## ASSIGNMENT
Exact copies of the lines from the start of the records through the line with "Education concept: sign" are what the answer must hold; pictures are not part of it.

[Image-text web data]
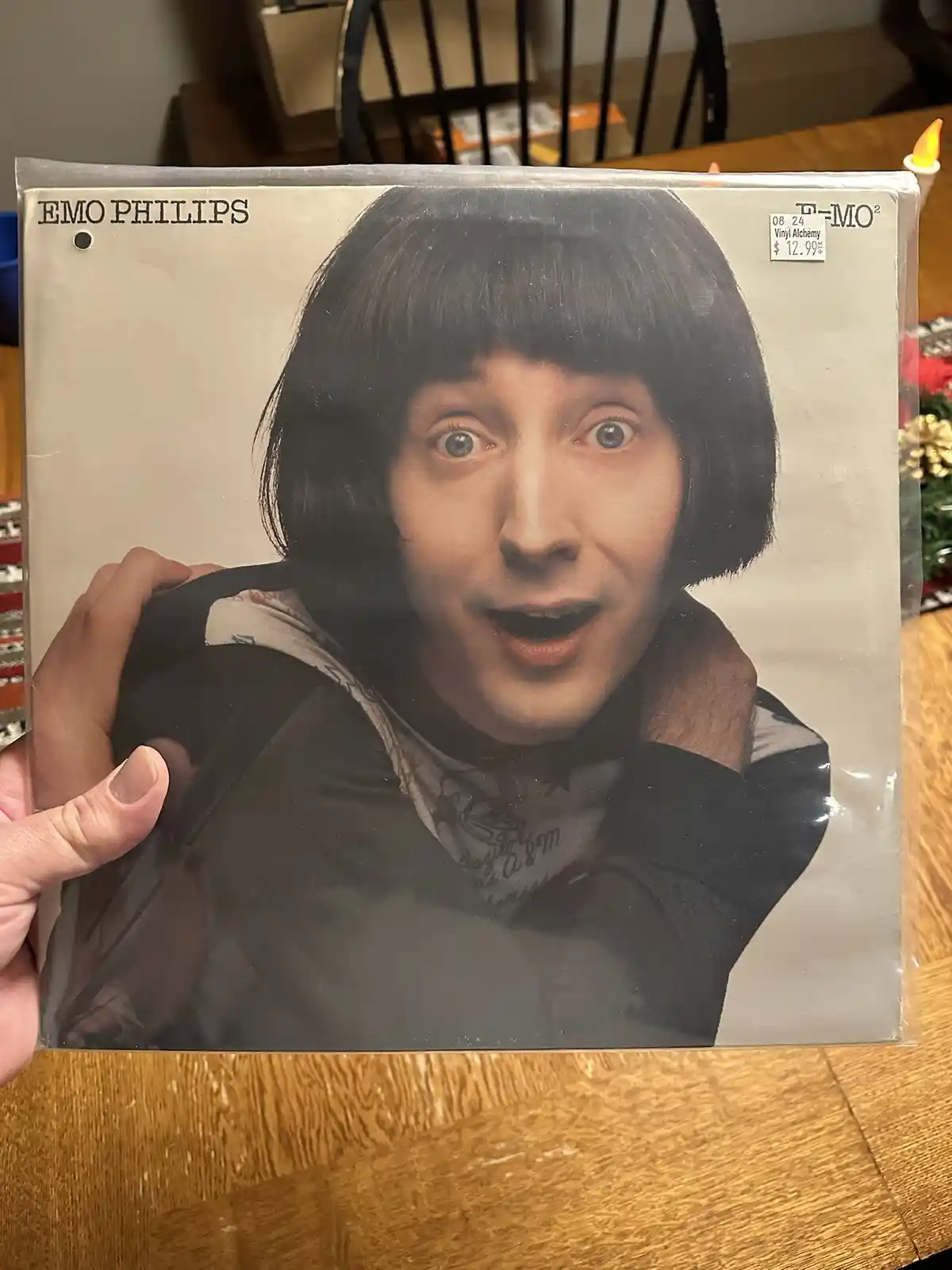 A person holds up a vinyl record album cover featuring comedian Emo Philips with a surprised expression, wearing a black bob…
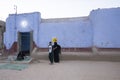 Nubian blue house at dusk with villagers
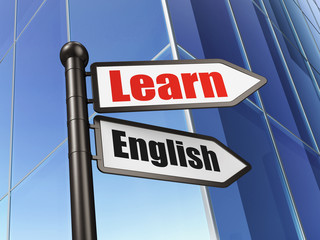Education concept: sign Learn English on Building background
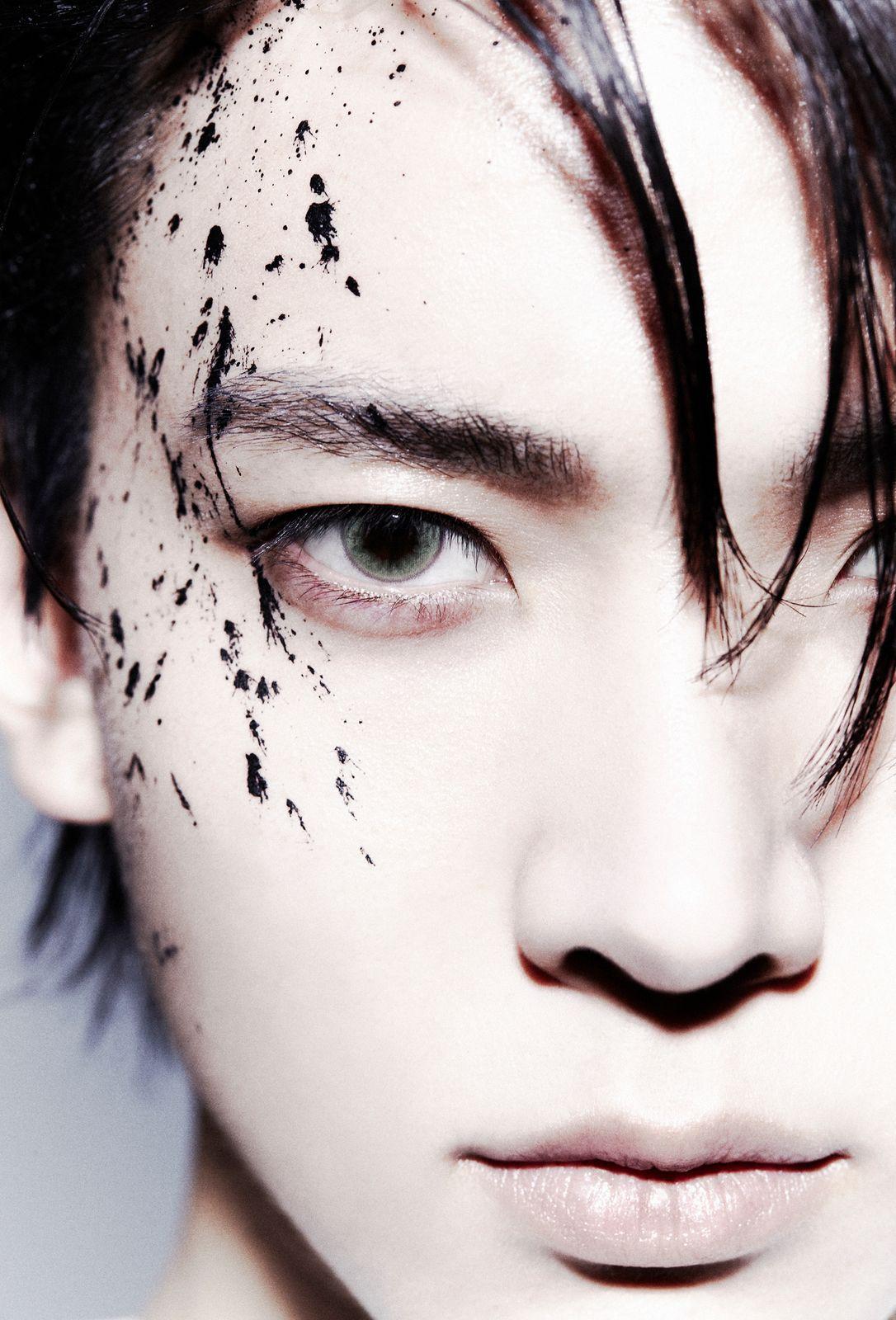 a close up of a person with black spots on his face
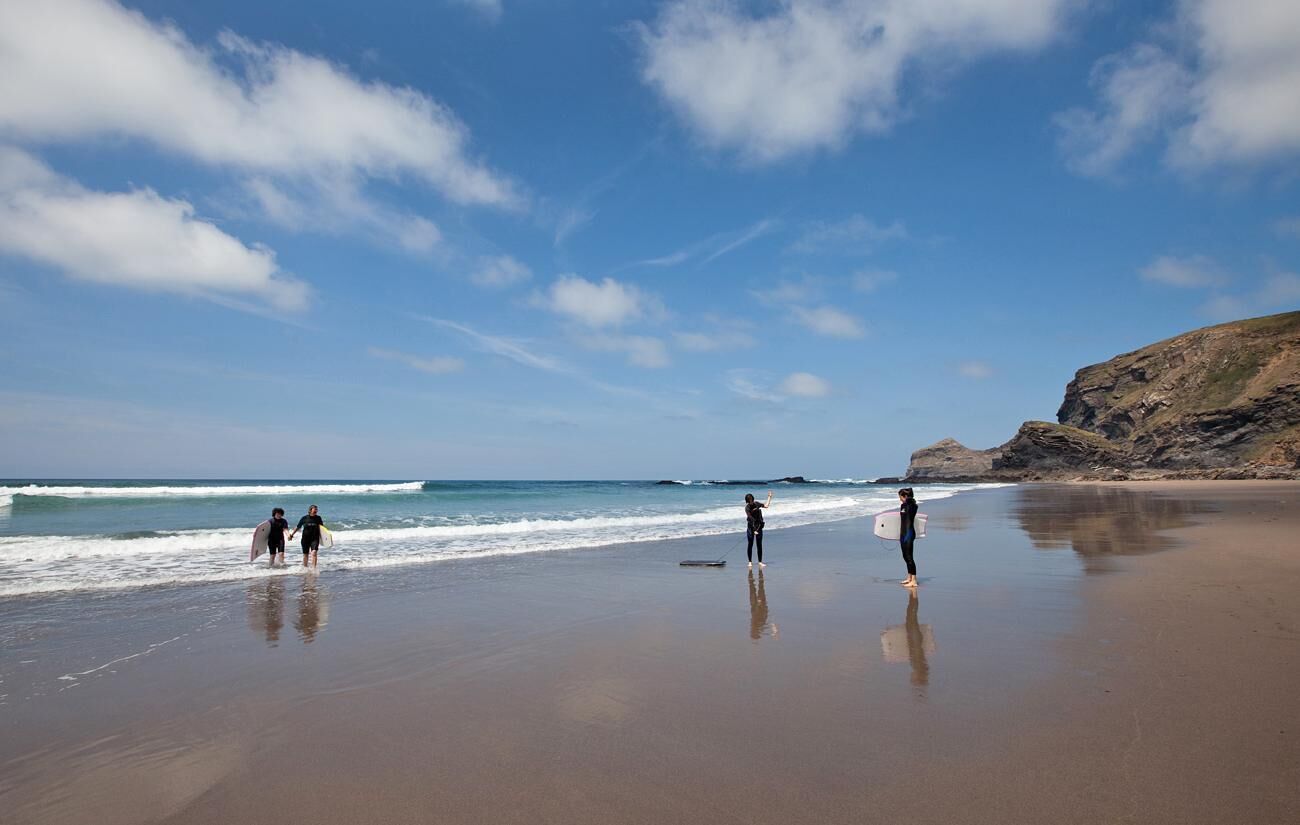 Une plage où l’on voit des gens se promener et porter des planches de surf.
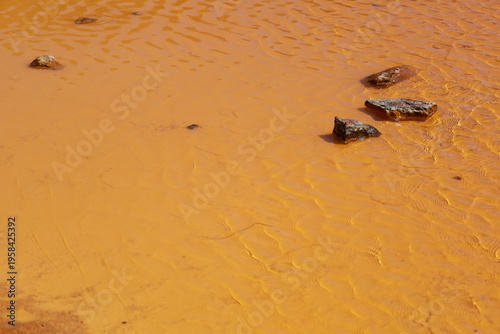 Pit lake with orange hues due to oxidation and mining waste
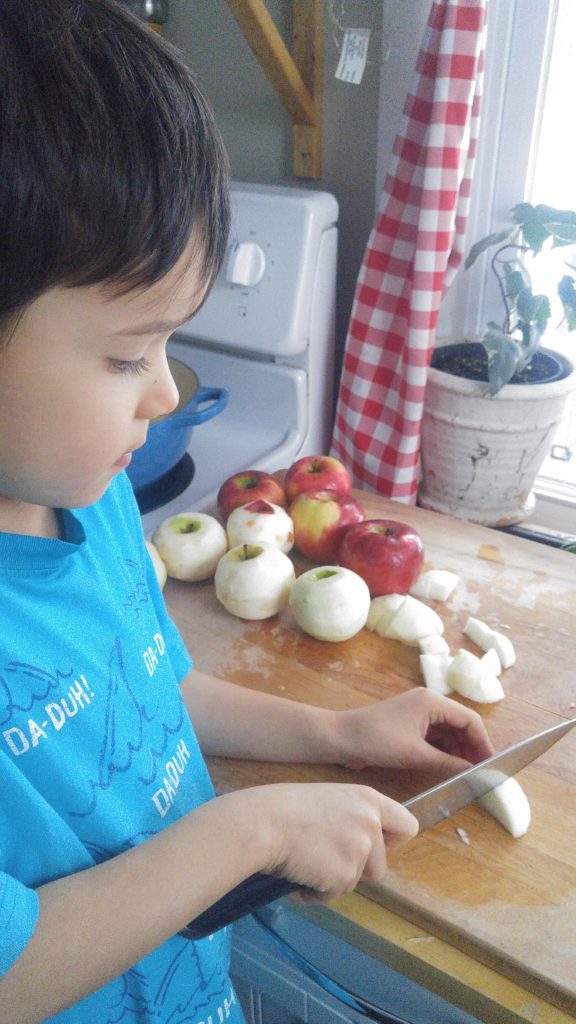 a young boy chops apples into slices on a cutting board.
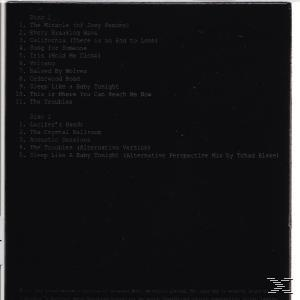 CD-Rückseite, schwarzer Hintergrund, Songtitel sind aufgelistet. Text ist weiß.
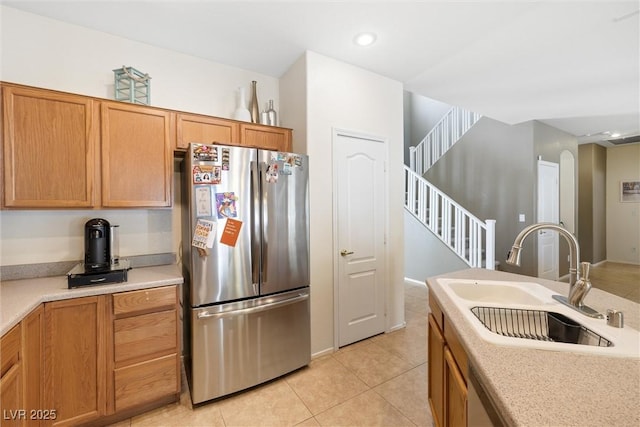 kitchen featuring a sink, freestanding refrigerator, light tile patterned flooring, and light countertops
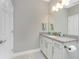 Bathroom featuring granite countertops, white cabinets, and modern lighting at 13859 Vadini St, Venice, FL 34293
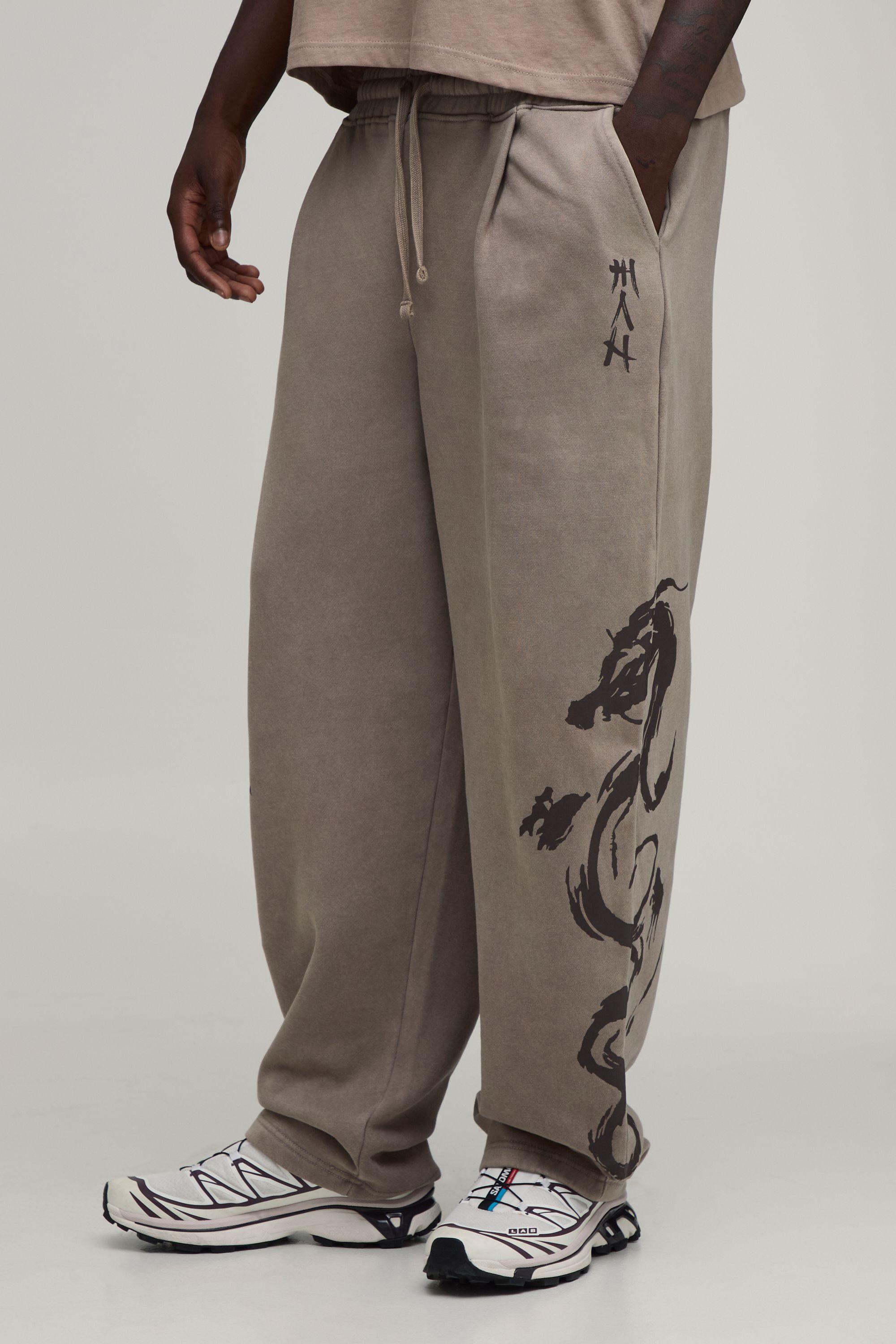 Balloon Fit Dragon Printed Washed Joggers by BOOHOOMAN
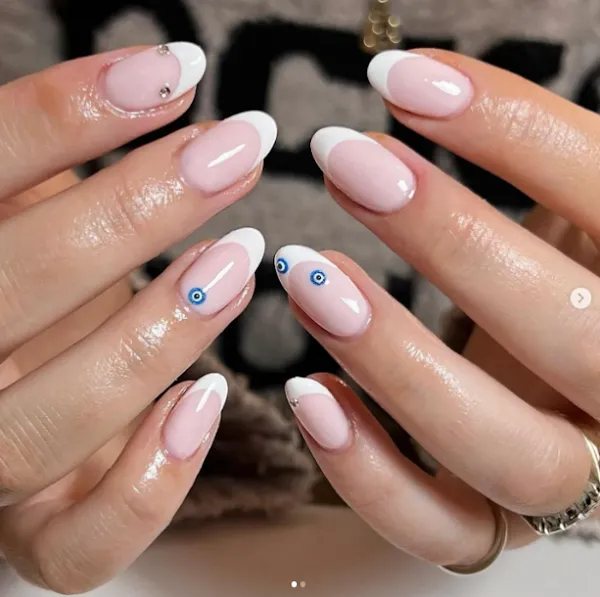 Classic french nail idea on short Nails with little blue eye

## ANSWER SPACE
 A person holds up a vinyl record album cover featuring comedian Emo Philips with a surprised expression, wearing a black bob…
 Nubian blue house at dusk with villagers
Education concept: sign Learn English on Building background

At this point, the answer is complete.